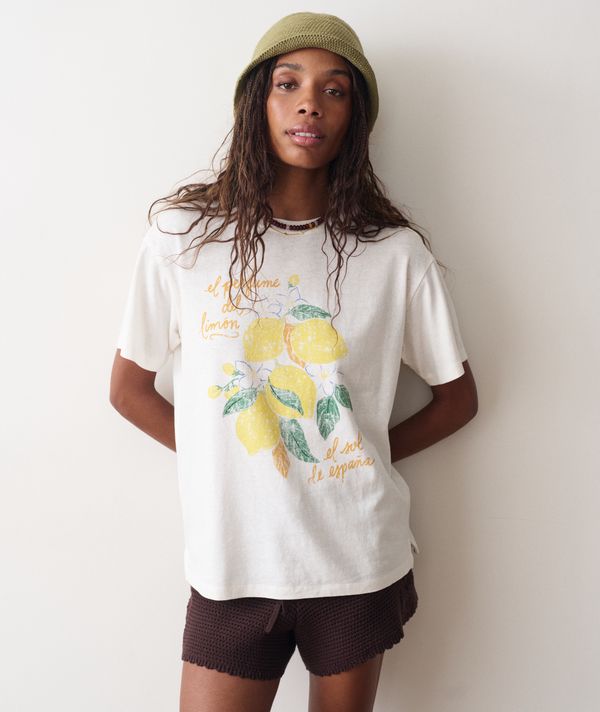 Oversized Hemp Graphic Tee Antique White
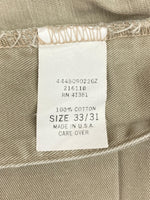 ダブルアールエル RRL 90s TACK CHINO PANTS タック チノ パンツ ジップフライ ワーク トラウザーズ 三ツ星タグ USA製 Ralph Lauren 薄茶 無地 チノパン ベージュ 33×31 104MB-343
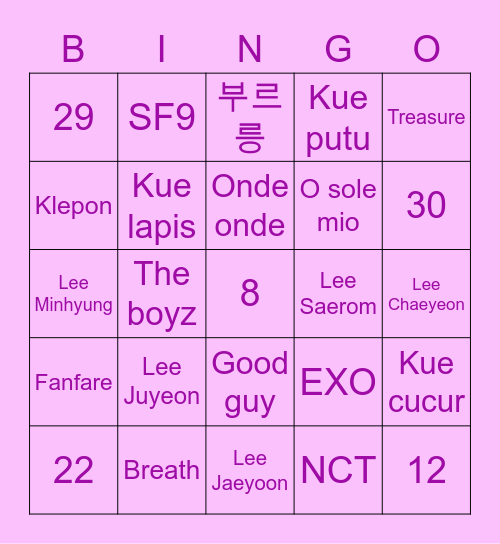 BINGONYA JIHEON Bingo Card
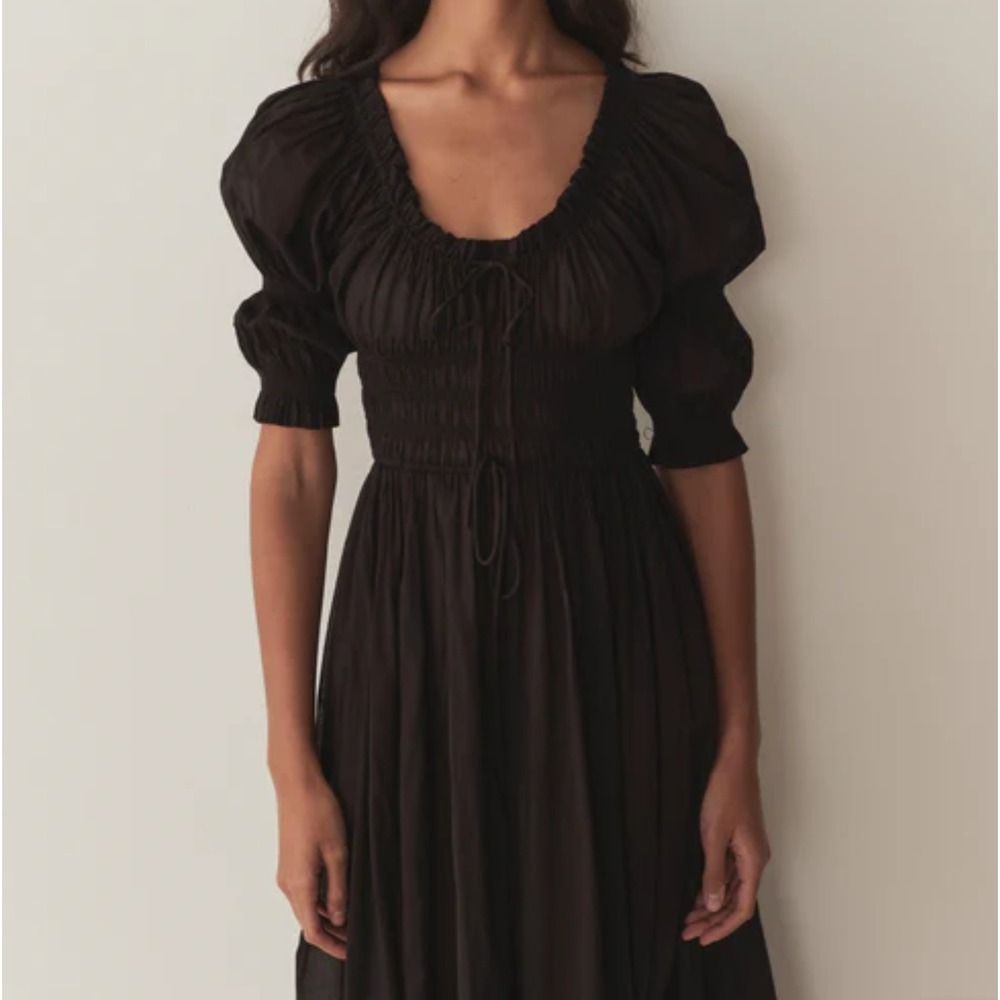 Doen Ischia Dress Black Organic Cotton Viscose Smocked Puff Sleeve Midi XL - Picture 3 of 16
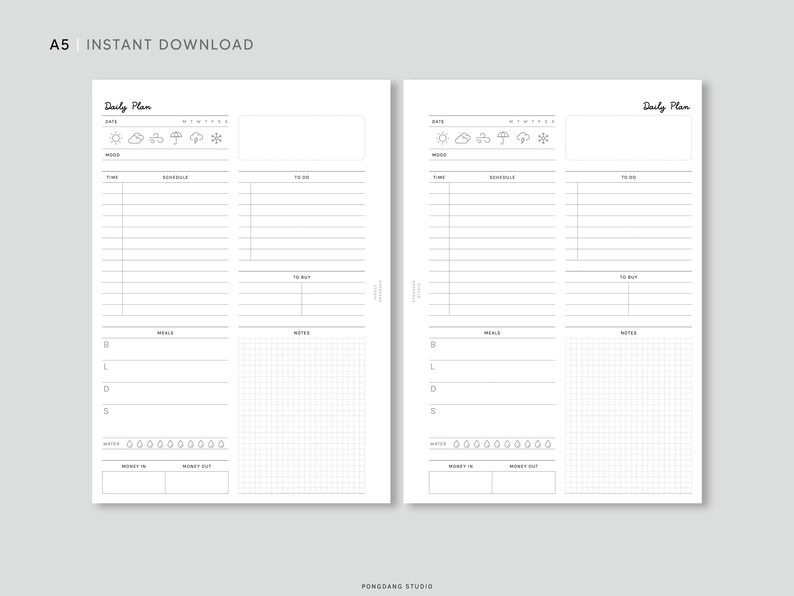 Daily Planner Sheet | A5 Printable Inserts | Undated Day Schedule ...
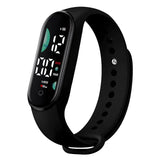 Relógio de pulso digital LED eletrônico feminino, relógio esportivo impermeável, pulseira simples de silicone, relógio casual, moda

...

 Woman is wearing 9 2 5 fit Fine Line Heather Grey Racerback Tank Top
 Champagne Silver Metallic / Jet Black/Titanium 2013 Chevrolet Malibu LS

--

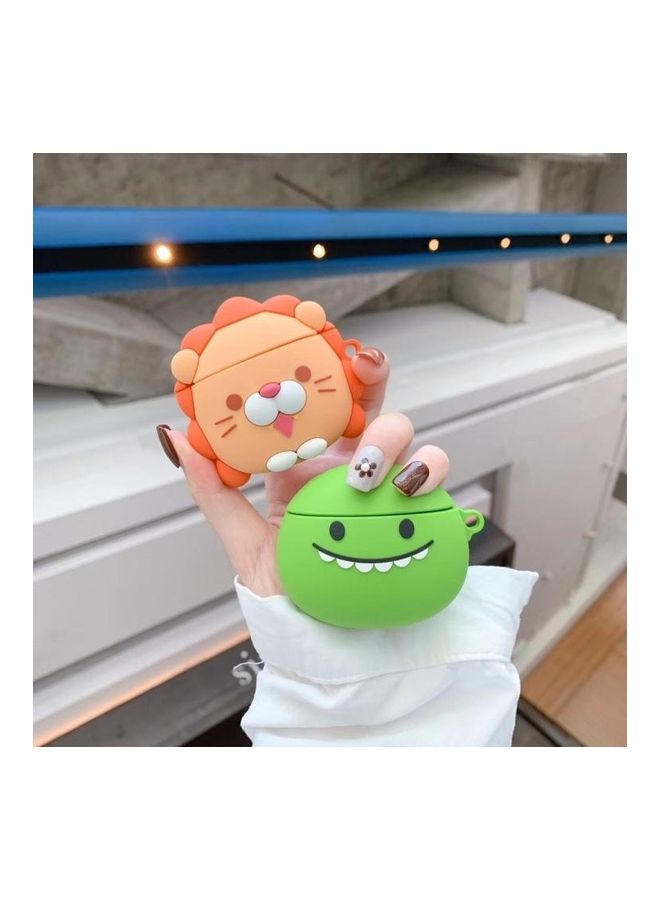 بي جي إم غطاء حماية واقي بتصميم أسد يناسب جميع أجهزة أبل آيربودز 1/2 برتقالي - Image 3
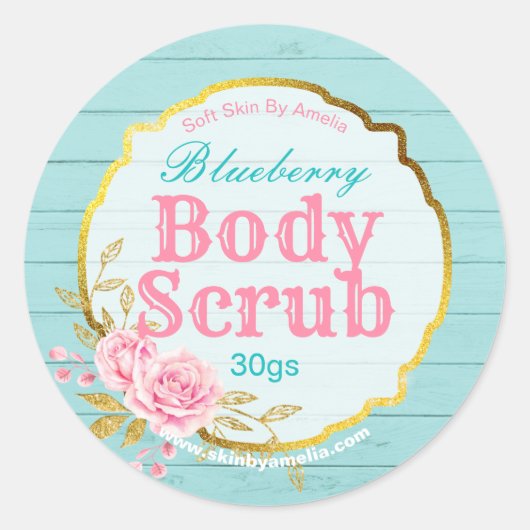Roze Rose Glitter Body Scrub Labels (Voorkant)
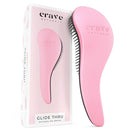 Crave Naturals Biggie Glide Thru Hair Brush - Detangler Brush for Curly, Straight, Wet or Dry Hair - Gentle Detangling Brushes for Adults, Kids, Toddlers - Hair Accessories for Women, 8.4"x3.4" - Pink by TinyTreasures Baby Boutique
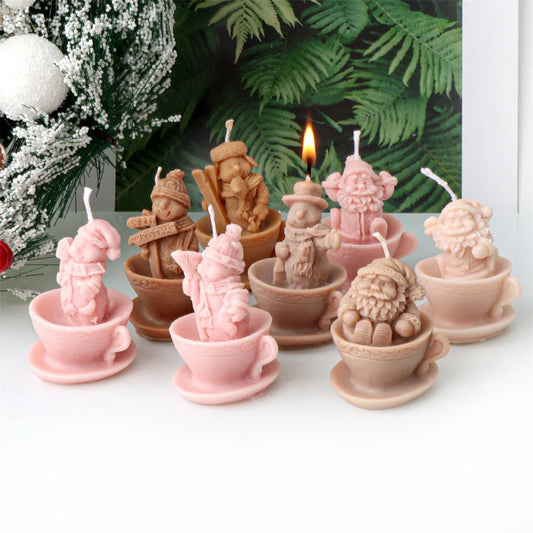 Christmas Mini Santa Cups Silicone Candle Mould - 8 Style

• _Your task_:
Could the stretch from the line with "Daily Planner Sheet" through the line with "Relógio de pulso" in the listing above be restated word for word, minus the pictures?

• _Response to the exercise_:
 Daily Planner Sheet | A5 Printable Inserts | Undated Day Schedule ...
 Relógio de pulso digital LED eletrônico feminino, relógio esportivo impermeável, pulseira simples de silicone, relógio casual, moda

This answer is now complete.